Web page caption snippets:

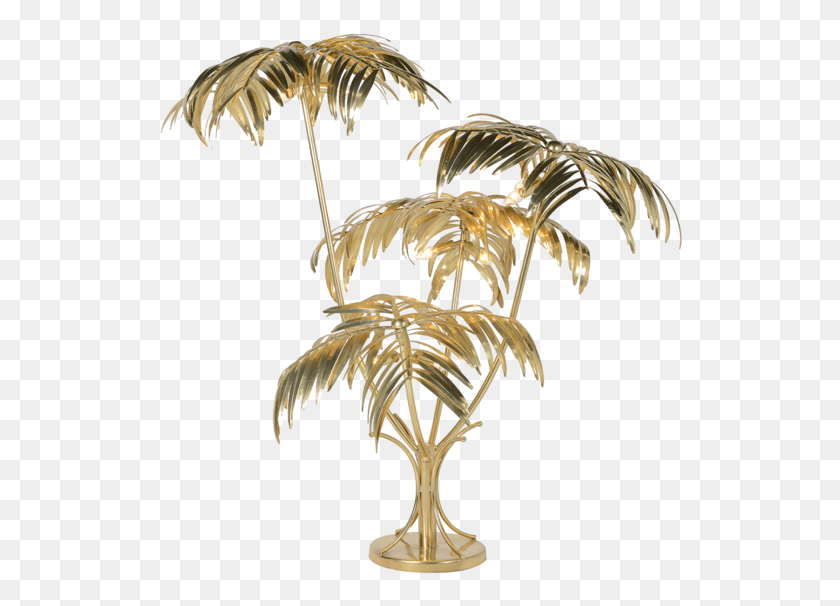 526x546 Gold Palm Tree Floor Lamp, Plant HD PNG Download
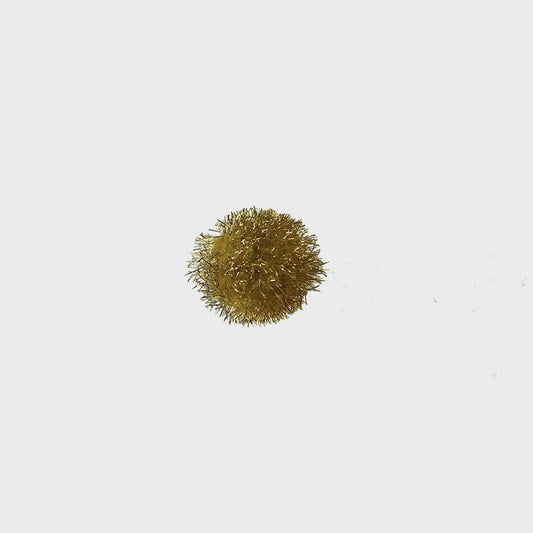 Metallic Pom Poms 25mm Gold or Silver 100 Pack Craft Supplies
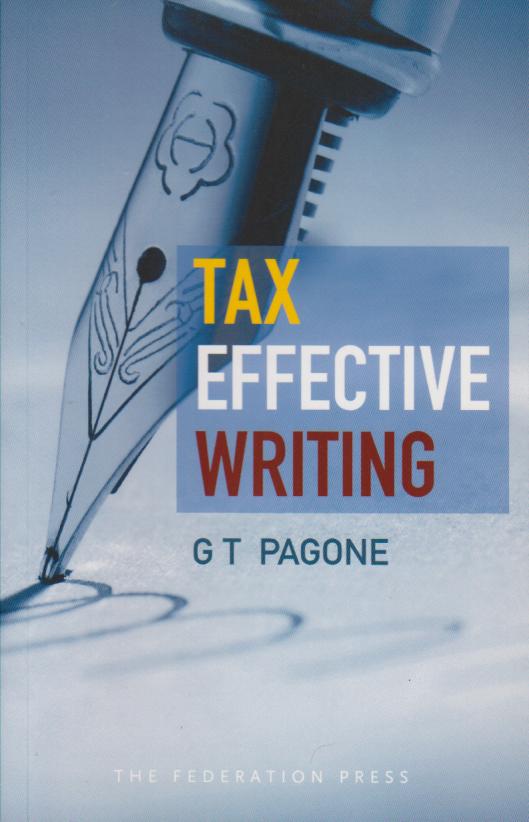 Cover Tax Effective Writing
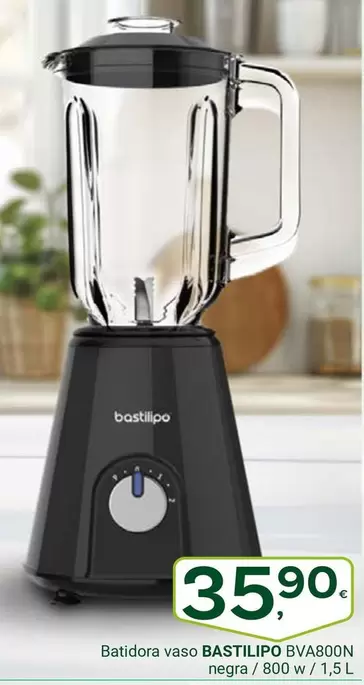 Oferta de Bastilipo - Batidora Vaso Bva800n Negra por 35,9€ en Supermercados Dani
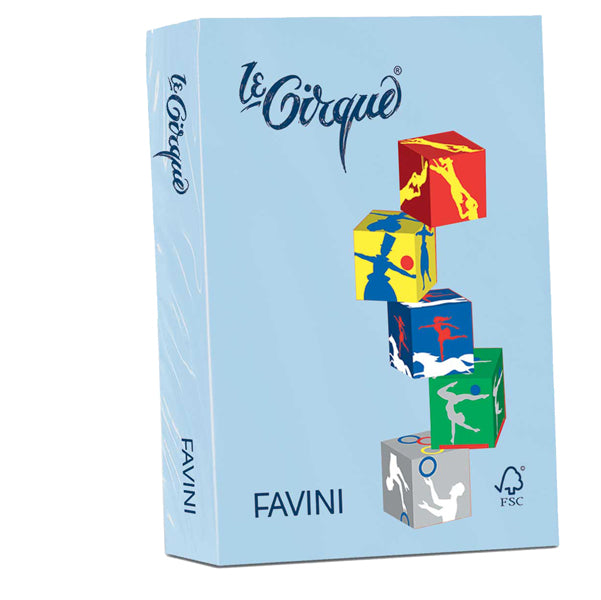 FAVINI - A717353 - Carta Le cirque - A3 - 80 gr - azzurro pastello 106 - Favini - conf. 500 fogli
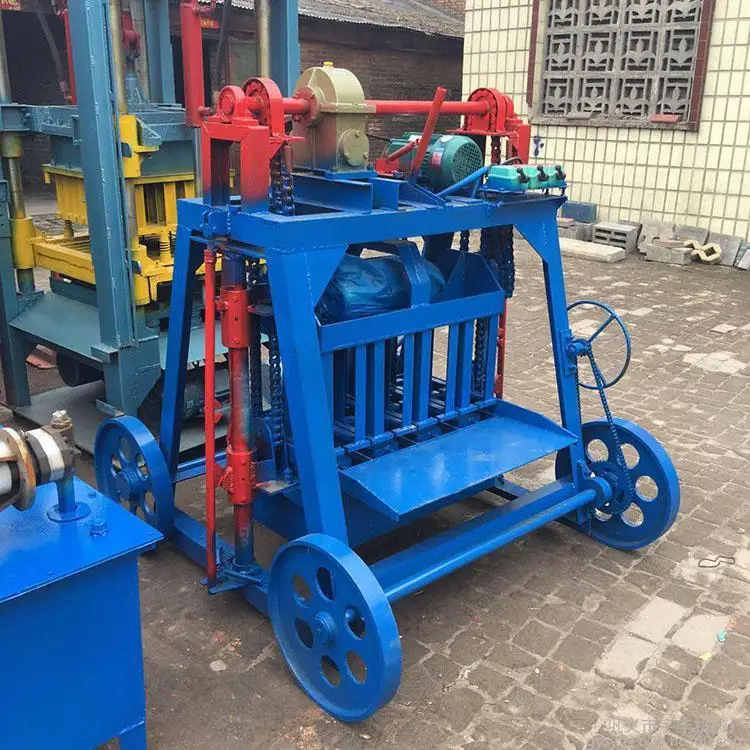 Concrete Brick Making Machine with Wheel Mobile Block Produce Line Interlocking Hollow Brick Making Machine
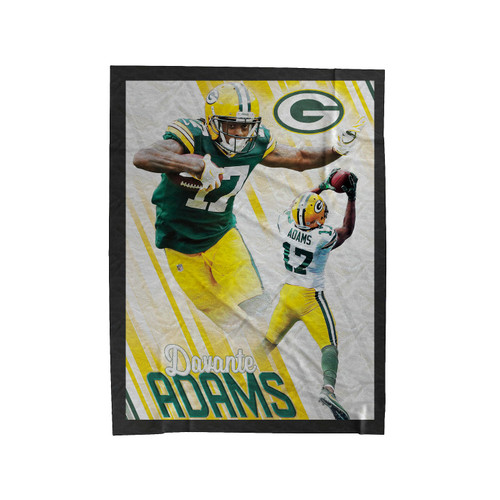 Davante Adams Green Bay Packers Velveteen Blanket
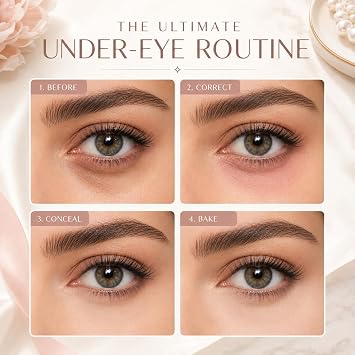 Huda Beauty Easy Bake Loose Baking & Setting Powder — Oil Control Loose Powder Light Diffusing Setting Powder For Smooth Shine Free Daily Wear (Pound Cake)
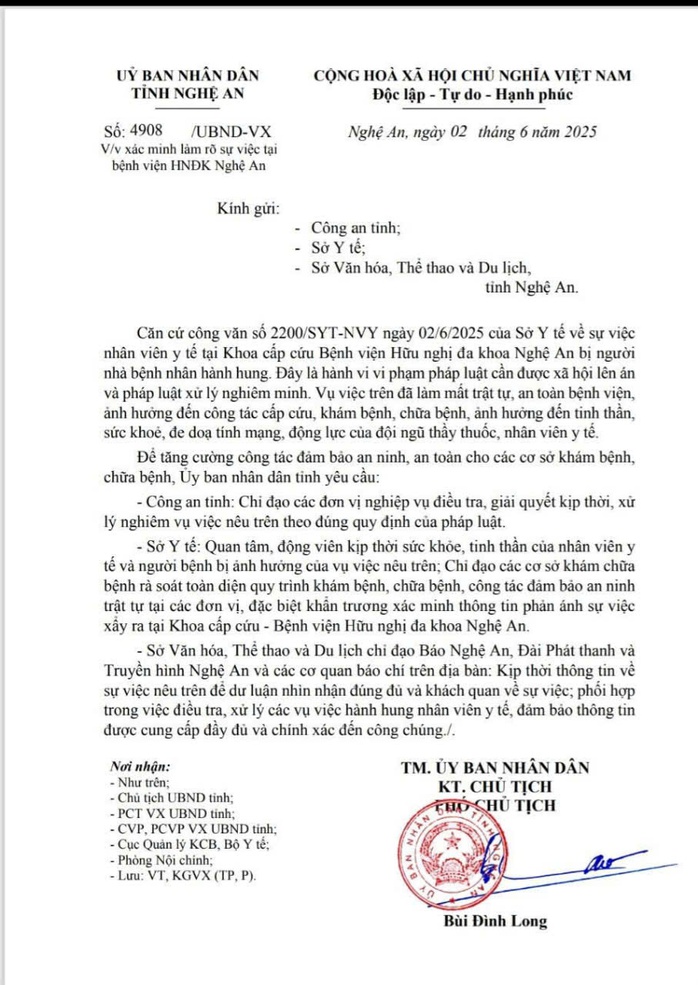 Thông tin mới vụ nữ nhân viên y tế bị hành hung tại bệnh viện- Ảnh 2.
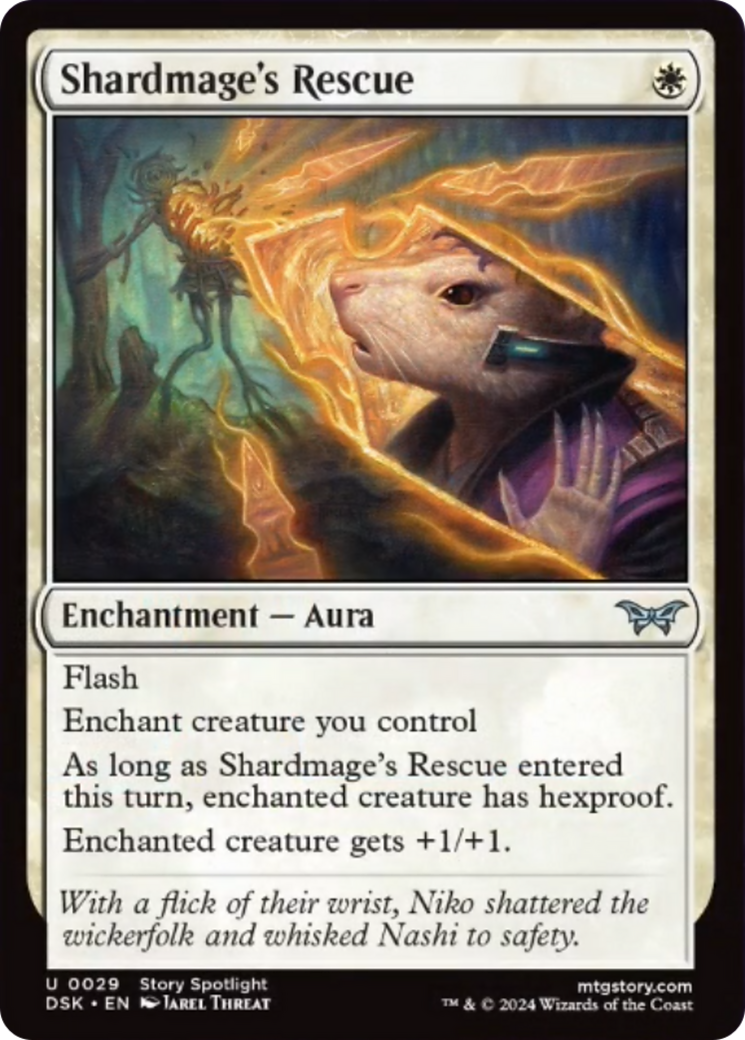 Shardmage's Rescue [Duskmourn: House of Horror] Foil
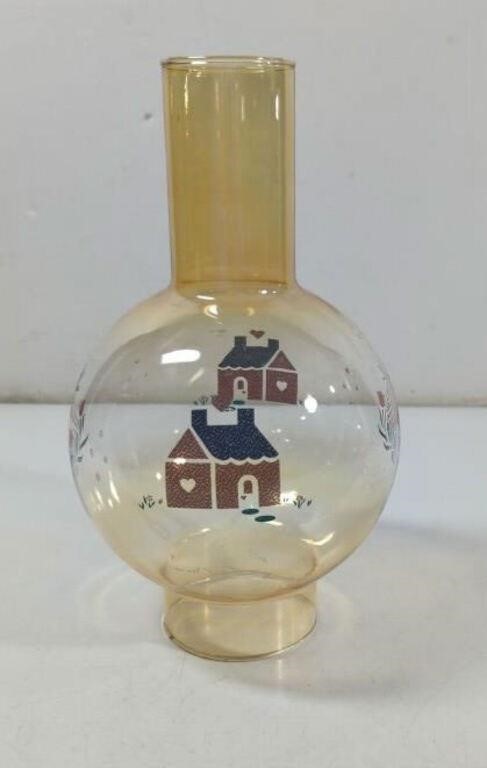 Vintage Country Cottage Funnel Glass Globe
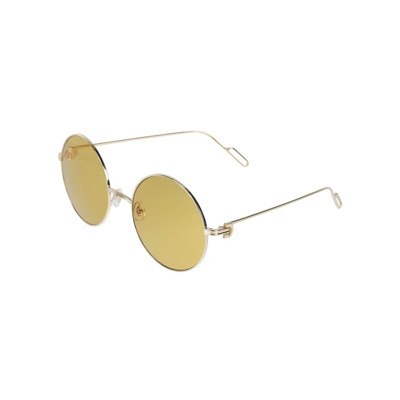 Prachtige Ct0156S Zonnebril in Goud Cartier , Yellow , Unisex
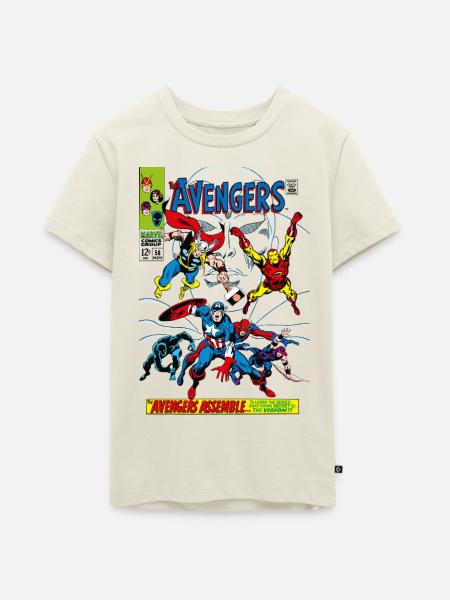 Avengers Comic Superhelden Assemble - Teenager Premium Bio T-Shirt - Naturweiß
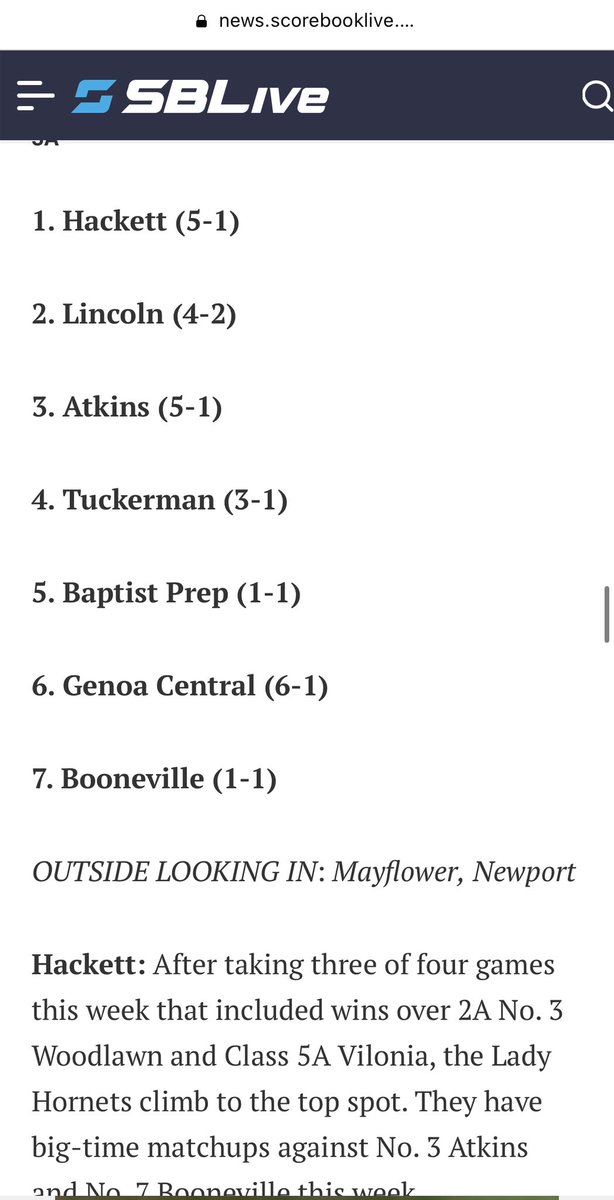 Hackett Lady Hornets Softball (@hackett_sb) on Twitter photo Awesome start!! Thanks <a href="/SBLiveARK/">Arkansas High School On SI</a>! <a href="/makenzie_f2/">Makenzie Freeman</a> <a href="/taylor24077949/">taylor</a> <a href="/AlonaRothwell/">Alona Rothwell VB</a> <a href="/lilly_oxford/">Lilly Oxford</a> <a href="/Michaelyn_1/">Michaelyn Freeman</a> <a href="/olivia_bouse/">Olivia Bouse</a> #hornetpride Awesome start!! Thanks <a href="/SBLiveARK/">Arkansas High School On SI</a>! <a href="/makenzie_f2/">Makenzie Freeman</a> <a href="/taylor24077949/">taylor</a> <a href="/AlonaRothwell/">Alona Rothwell VB</a> <a href="/lilly_oxford/">Lilly Oxford</a> <a href="/Michaelyn_1/">Michaelyn Freeman</a> <a href="/olivia_bouse/">Olivia Bouse</a> #hornetpride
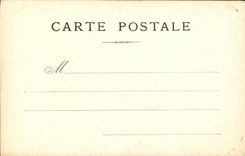 CPA Lourdes La Statue de la Vierge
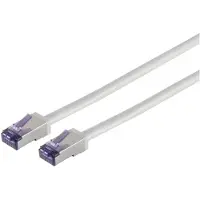 S-Impuls S/CONN maximum connectivity Patchkabel Cat. 6A Flex S/FTP, LAN Kabel, sehr flexibel, grau, 25,0m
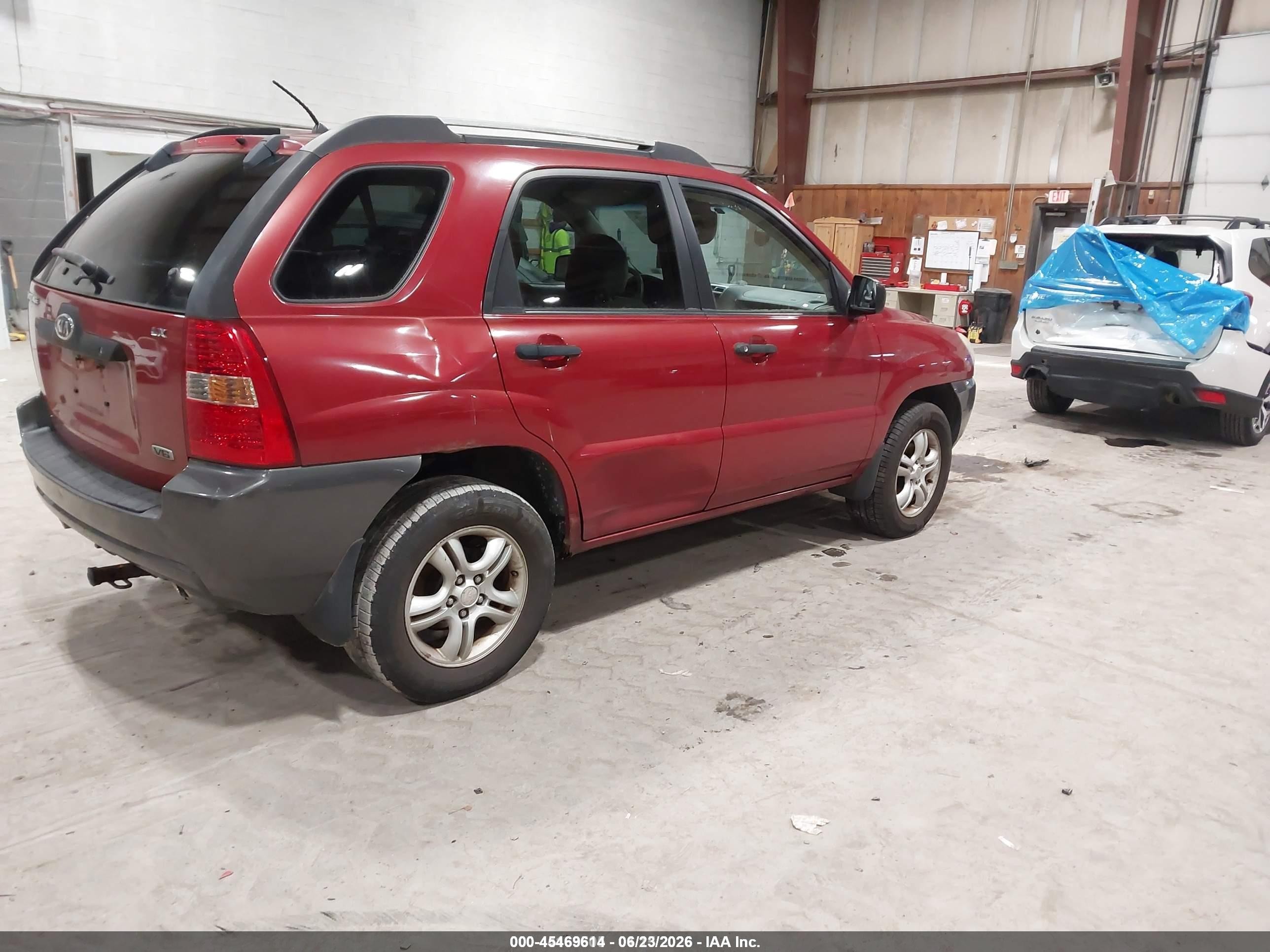 2006 Kia Sportage Ex V6/lx Red vin: KNDJF723567139012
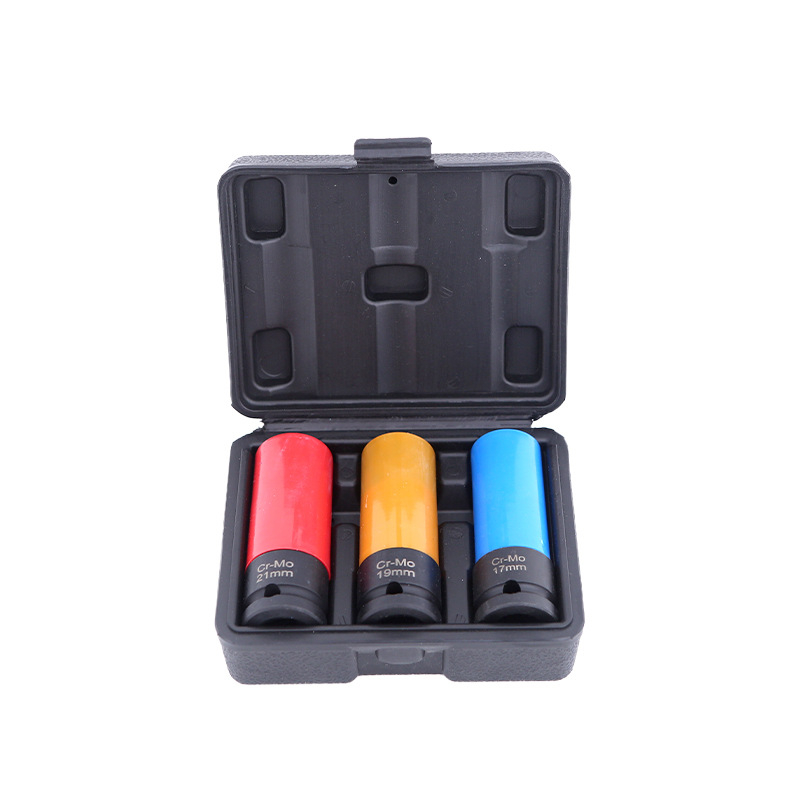 Πνευματικό επεκτεινόμενο σετ για παξιμάδια ζαντών — Cr-Mo ατσάλι, για μηχανολογικές και αυτοκινητικές επισκευές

THE TASK:
The expected output is the lines above from the one containing "Metallic Pom Poms" to the one containing "Avengers Comic Superhelden", both ends included, reproduced exactly with every picture left out.

OUTPUT FOR THIS TASK:
 Metallic Pom Poms 25mm Gold or Silver 100 Pack Craft Supplies
 Cover Tax Effective Writing
 Oferta de Bastilipo - Batidora Vaso Bva800n Negra por 35,9€ en Supermercados Dani
 FAVINI - A717353 - Carta Le cirque - A3 - 80 gr - azzurro pastello 106 - Favini - conf. 500 fogli
 Concrete Brick Making Machine with Wheel Mobile Block Produce Line Interlocking Hollow Brick Making Machine
 Davante Adams Green Bay Packers Velveteen Blanket
 Huda Beauty Easy Bake Loose Baking & Setting Powder — Oil Control Loose Powder Light Diffusing Setting Powder For Smooth Shine Free Daily Wear (Pound Cake)
 Thông tin mới vụ nữ nhân viên y tế bị hành hung tại bệnh viện- Ảnh 2.
 Shardmage's Rescue [Duskmourn: House of Horror] Foil
 Vintage Country Cottage Funnel Glass Globe
 Prachtige Ct0156S Zonnebril in Goud Cartier , Yellow , Unisex
 Avengers Comic Superhelden Assemble - Teenager Premium Bio T-Shirt - Naturweiß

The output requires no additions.